### Problem statement:
Every record, from first to last, should be written out again exactly.

### Excerpted records:
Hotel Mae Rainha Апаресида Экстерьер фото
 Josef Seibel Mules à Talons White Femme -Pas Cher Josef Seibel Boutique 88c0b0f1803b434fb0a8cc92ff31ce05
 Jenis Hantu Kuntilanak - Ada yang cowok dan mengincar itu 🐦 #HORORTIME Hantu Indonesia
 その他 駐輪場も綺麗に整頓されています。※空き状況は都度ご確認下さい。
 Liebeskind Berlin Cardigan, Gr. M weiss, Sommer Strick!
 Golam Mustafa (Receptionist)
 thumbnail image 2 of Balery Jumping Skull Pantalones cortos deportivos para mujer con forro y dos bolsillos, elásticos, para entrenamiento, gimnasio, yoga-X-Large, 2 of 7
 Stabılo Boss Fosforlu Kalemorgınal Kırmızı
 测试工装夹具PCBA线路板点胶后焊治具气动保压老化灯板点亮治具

### Response below:
Hotel Mae Rainha Апаресида Экстерьер фото
 Josef Seibel Mules à Talons White Femme -Pas Cher Josef Seibel Boutique 88c0b0f1803b434fb0a8cc92ff31ce05
 Jenis Hantu Kuntilanak - Ada yang cowok dan mengincar itu 🐦 #HORORTIME Hantu Indonesia
 その他 駐輪場も綺麗に整頓されています。※空き状況は都度ご確認下さい。
 Liebeskind Berlin Cardigan, Gr. M weiss, Sommer Strick!
 Golam Mustafa (Receptionist)
 thumbnail image 2 of Balery Jumping Skull Pantalones cortos deportivos para mujer con forro y dos bolsillos, elásticos, para entrenamiento, gimnasio, yoga-X-Large, 2 of 7
 Stabılo Boss Fosforlu Kalemorgınal Kırmızı
 测试工装夹具PCBA线路板点胶后焊治具气动保压老化灯板点亮治具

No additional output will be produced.